Task: For this task, output exactly the lines of the material below starting at the line with "Power Master 12000mAh" and ending at the line with "Xhorse VVDI Prog"; pictures are to be excluded.

Exercise inputs:
-- -- --

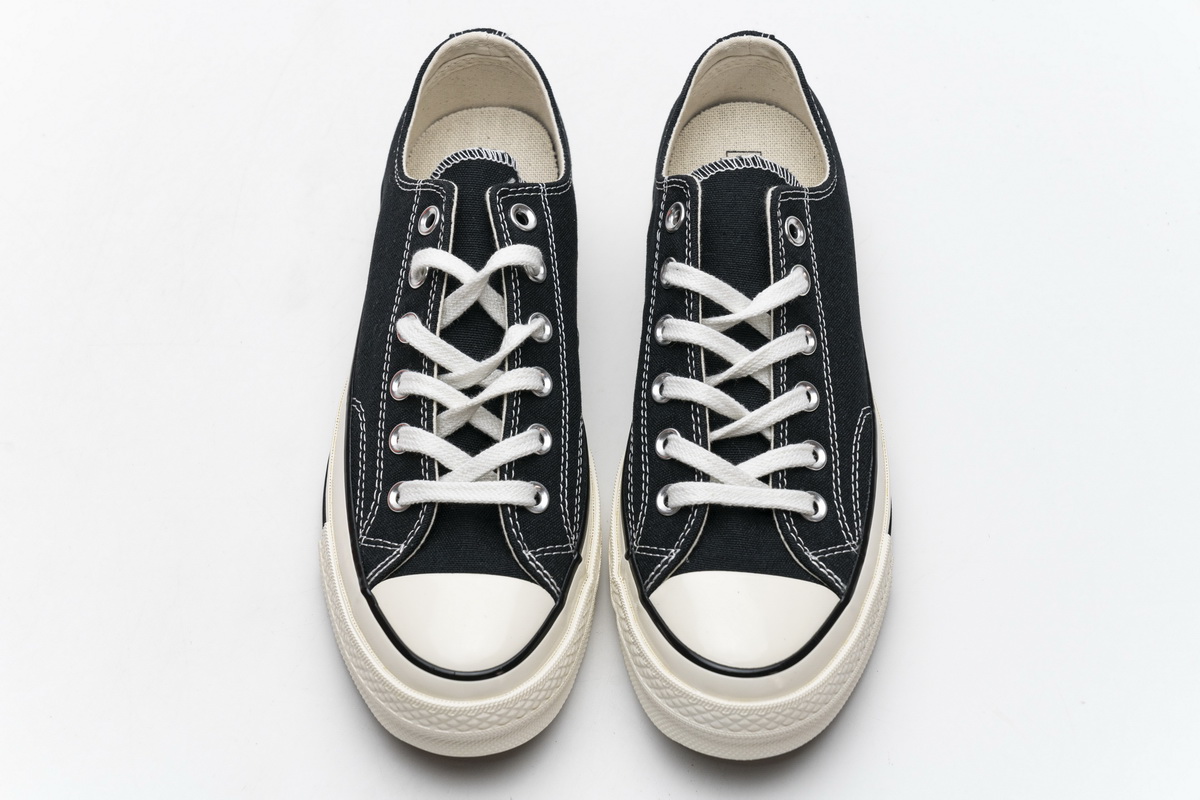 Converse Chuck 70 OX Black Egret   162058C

-- -- --

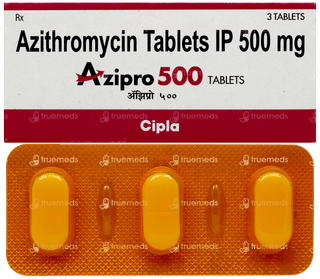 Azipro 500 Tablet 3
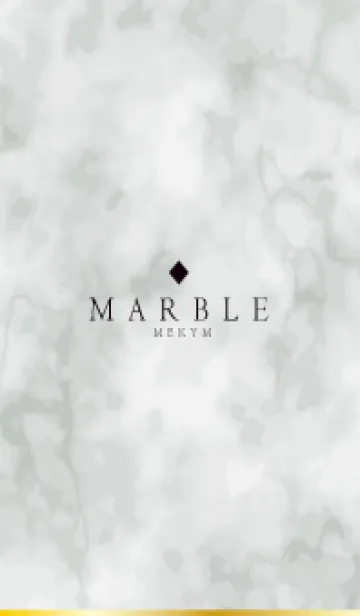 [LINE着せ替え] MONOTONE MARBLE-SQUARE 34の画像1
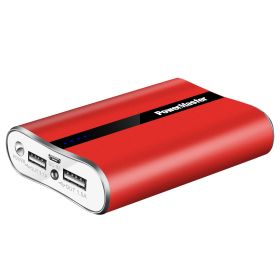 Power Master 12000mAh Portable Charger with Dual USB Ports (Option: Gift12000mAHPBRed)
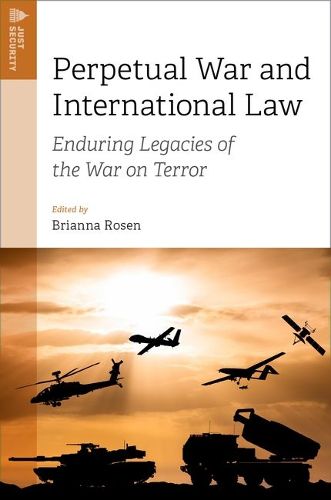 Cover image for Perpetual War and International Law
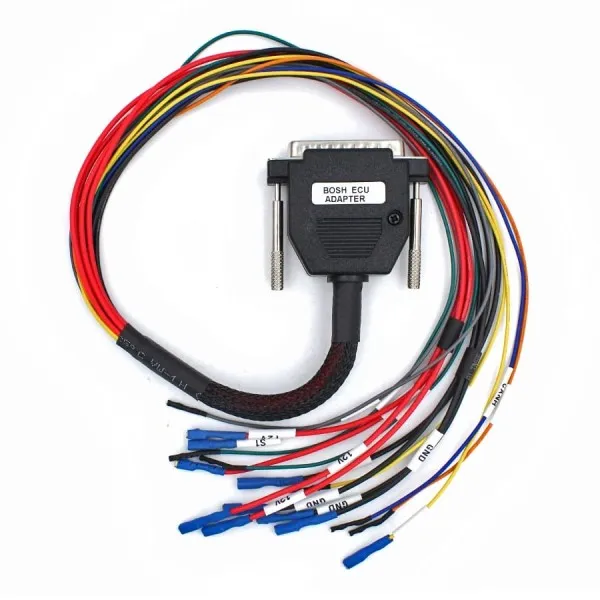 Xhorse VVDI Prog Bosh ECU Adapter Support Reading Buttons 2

-- -- --

Your response:
 Power Master 12000mAh Portable Charger with Dual USB Ports (Option: Gift12000mAHPBRed)
 Cover image for Perpetual War and International Law
 Xhorse VVDI Prog Bosh ECU Adapter Support Reading Buttons 2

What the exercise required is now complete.